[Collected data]
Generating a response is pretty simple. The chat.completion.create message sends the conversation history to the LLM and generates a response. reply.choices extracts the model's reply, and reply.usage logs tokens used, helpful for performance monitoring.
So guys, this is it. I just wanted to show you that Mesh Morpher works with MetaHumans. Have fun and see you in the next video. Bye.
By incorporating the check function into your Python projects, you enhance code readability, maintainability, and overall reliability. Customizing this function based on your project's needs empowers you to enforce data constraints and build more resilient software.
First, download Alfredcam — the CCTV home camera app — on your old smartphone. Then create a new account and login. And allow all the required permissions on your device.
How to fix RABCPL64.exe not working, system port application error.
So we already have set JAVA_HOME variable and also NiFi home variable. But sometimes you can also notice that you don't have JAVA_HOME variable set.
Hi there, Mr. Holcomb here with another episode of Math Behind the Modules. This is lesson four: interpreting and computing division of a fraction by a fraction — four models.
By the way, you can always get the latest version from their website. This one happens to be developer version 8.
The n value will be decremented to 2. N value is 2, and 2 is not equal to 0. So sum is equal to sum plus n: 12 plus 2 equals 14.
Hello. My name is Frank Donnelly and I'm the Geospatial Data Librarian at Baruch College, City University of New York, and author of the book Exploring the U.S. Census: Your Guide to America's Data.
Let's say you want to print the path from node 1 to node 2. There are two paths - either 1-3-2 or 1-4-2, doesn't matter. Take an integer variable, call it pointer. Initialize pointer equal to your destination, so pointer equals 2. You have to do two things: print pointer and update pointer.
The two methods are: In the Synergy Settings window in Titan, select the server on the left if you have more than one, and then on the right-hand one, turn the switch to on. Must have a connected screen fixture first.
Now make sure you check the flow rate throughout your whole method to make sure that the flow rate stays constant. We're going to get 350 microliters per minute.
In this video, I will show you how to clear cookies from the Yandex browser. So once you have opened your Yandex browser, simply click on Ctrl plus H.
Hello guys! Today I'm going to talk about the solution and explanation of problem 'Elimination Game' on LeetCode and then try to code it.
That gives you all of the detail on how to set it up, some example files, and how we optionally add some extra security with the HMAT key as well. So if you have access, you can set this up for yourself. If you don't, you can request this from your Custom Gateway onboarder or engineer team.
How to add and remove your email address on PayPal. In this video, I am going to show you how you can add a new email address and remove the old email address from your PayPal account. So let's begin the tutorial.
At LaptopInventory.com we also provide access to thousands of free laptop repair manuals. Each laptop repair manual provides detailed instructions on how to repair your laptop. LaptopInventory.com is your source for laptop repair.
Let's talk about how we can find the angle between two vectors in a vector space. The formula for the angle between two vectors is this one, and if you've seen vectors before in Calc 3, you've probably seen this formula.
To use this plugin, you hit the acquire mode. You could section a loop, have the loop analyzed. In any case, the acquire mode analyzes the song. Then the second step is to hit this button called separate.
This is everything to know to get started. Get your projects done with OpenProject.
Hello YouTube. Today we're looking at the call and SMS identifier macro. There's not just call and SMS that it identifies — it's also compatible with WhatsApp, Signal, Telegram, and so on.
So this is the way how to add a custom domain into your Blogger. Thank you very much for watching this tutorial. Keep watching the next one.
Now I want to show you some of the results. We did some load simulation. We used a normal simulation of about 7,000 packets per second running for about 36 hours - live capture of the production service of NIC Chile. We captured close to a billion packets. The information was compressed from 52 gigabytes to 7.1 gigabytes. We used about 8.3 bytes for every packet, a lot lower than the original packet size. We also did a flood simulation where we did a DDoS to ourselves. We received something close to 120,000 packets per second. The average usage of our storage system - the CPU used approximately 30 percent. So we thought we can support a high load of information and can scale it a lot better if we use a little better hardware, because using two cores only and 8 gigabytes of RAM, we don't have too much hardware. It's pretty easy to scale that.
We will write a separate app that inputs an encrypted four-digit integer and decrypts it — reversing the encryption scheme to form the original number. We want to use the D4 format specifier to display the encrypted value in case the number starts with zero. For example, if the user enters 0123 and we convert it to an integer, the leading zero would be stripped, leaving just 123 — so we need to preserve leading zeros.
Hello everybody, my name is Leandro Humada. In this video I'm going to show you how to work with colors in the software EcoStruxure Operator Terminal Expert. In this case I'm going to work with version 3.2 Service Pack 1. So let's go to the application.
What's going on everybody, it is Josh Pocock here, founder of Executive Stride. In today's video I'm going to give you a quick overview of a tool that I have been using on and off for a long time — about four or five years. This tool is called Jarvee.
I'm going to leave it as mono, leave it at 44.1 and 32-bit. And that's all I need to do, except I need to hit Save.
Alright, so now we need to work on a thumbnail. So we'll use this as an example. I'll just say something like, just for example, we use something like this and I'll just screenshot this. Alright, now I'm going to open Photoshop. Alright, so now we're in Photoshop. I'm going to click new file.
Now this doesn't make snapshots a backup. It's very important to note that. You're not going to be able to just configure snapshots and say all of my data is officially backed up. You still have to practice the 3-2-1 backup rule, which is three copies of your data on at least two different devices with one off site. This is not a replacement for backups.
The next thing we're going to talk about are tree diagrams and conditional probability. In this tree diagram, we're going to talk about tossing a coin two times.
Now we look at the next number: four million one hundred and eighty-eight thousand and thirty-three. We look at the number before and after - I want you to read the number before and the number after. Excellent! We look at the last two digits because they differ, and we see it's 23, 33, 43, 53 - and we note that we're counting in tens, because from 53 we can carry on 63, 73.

Your task -
Each record above should be repeated exactly as it appears.

Output for this exercise -
Generating a response is pretty simple. The chat.completion.create message sends the conversation history to the LLM and generates a response. reply.choices extracts the model's reply, and reply.usage logs tokens used, helpful for performance monitoring.
So guys, this is it. I just wanted to show you that Mesh Morpher works with MetaHumans. Have fun and see you in the next video. Bye.
By incorporating the check function into your Python projects, you enhance code readability, maintainability, and overall reliability. Customizing this function based on your project's needs empowers you to enforce data constraints and build more resilient software.
First, download Alfredcam — the CCTV home camera app — on your old smartphone. Then create a new account and login. And allow all the required permissions on your device.
How to fix RABCPL64.exe not working, system port application error.
So we already have set JAVA_HOME variable and also NiFi home variable. But sometimes you can also notice that you don't have JAVA_HOME variable set.
Hi there, Mr. Holcomb here with another episode of Math Behind the Modules. This is lesson four: interpreting and computing division of a fraction by a fraction — four models.
By the way, you can always get the latest version from their website. This one happens to be developer version 8.
The n value will be decremented to 2. N value is 2, and 2 is not equal to 0. So sum is equal to sum plus n: 12 plus 2 equals 14.
Hello. My name is Frank Donnelly and I'm the Geospatial Data Librarian at Baruch College, City University of New York, and author of the book Exploring the U.S. Census: Your Guide to America's Data.
Let's say you want to print the path from node 1 to node 2. There are two paths - either 1-3-2 or 1-4-2, doesn't matter. Take an integer variable, call it pointer. Initialize pointer equal to your destination, so pointer equals 2. You have to do two things: print pointer and update pointer.
The two methods are: In the Synergy Settings window in Titan, select the server on the left if you have more than one, and then on the right-hand one, turn the switch to on. Must have a connected screen fixture first.
Now make sure you check the flow rate throughout your whole method to make sure that the flow rate stays constant. We're going to get 350 microliters per minute.
In this video, I will show you how to clear cookies from the Yandex browser. So once you have opened your Yandex browser, simply click on Ctrl plus H.
Hello guys! Today I'm going to talk about the solution and explanation of problem 'Elimination Game' on LeetCode and then try to code it.
That gives you all of the detail on how to set it up, some example files, and how we optionally add some extra security with the HMAT key as well. So if you have access, you can set this up for yourself. If you don't, you can request this from your Custom Gateway onboarder or engineer team.
How to add and remove your email address on PayPal. In this video, I am going to show you how you can add a new email address and remove the old email address from your PayPal account. So let's begin the tutorial.
At LaptopInventory.com we also provide access to thousands of free laptop repair manuals. Each laptop repair manual provides detailed instructions on how to repair your laptop. LaptopInventory.com is your source for laptop repair.
Let's talk about how we can find the angle between two vectors in a vector space. The formula for the angle between two vectors is this one, and if you've seen vectors before in Calc 3, you've probably seen this formula.
To use this plugin, you hit the acquire mode. You could section a loop, have the loop analyzed. In any case, the acquire mode analyzes the song. Then the second step is to hit this button called separate.
This is everything to know to get started. Get your projects done with OpenProject.
Hello YouTube. Today we're looking at the call and SMS identifier macro. There's not just call and SMS that it identifies — it's also compatible with WhatsApp, Signal, Telegram, and so on.
So this is the way how to add a custom domain into your Blogger. Thank you very much for watching this tutorial. Keep watching the next one.
Now I want to show you some of the results. We did some load simulation. We used a normal simulation of about 7,000 packets per second running for about 36 hours - live capture of the production service of NIC Chile. We captured close to a billion packets. The information was compressed from 52 gigabytes to 7.1 gigabytes. We used about 8.3 bytes for every packet, a lot lower than the original packet size. We also did a flood simulation where we did a DDoS to ourselves. We received something close to 120,000 packets per second. The average usage of our storage system - the CPU used approximately 30 percent. So we thought we can support a high load of information and can scale it a lot better if we use a little better hardware, because using two cores only and 8 gigabytes of RAM, we don't have too much hardware. It's pretty easy to scale that.
We will write a separate app that inputs an encrypted four-digit integer and decrypts it — reversing the encryption scheme to form the original number. We want to use the D4 format specifier to display the encrypted value in case the number starts with zero. For example, if the user enters 0123 and we convert it to an integer, the leading zero would be stripped, leaving just 123 — so we need to preserve leading zeros.
Hello everybody, my name is Leandro Humada. In this video I'm going to show you how to work with colors in the software EcoStruxure Operator Terminal Expert. In this case I'm going to work with version 3.2 Service Pack 1. So let's go to the application.
What's going on everybody, it is Josh Pocock here, founder of Executive Stride. In today's video I'm going to give you a quick overview of a tool that I have been using on and off for a long time — about four or five years. This tool is called Jarvee.
I'm going to leave it as mono, leave it at 44.1 and 32-bit. And that's all I need to do, except I need to hit Save.
Alright, so now we need to work on a thumbnail. So we'll use this as an example. I'll just say something like, just for example, we use something like this and I'll just screenshot this. Alright, now I'm going to open Photoshop. Alright, so now we're in Photoshop. I'm going to click new file.
Now this doesn't make snapshots a backup. It's very important to note that. You're not going to be able to just configure snapshots and say all of my data is officially backed up. You still have to practice the 3-2-1 backup rule, which is three copies of your data on at least two different devices with one off site. This is not a replacement for backups.
The next thing we're going to talk about are tree diagrams and conditional probability. In this tree diagram, we're going to talk about tossing a coin two times.
Now we look at the next number: four million one hundred and eighty-eight thousand and thirty-three. We look at the number before and after - I want you to read the number before and the number after. Excellent! We look at the last two digits because they differ, and we see it's 23, 33, 43, 53 - and we note that we're counting in tens, because from 53 we can carry on 63, 73.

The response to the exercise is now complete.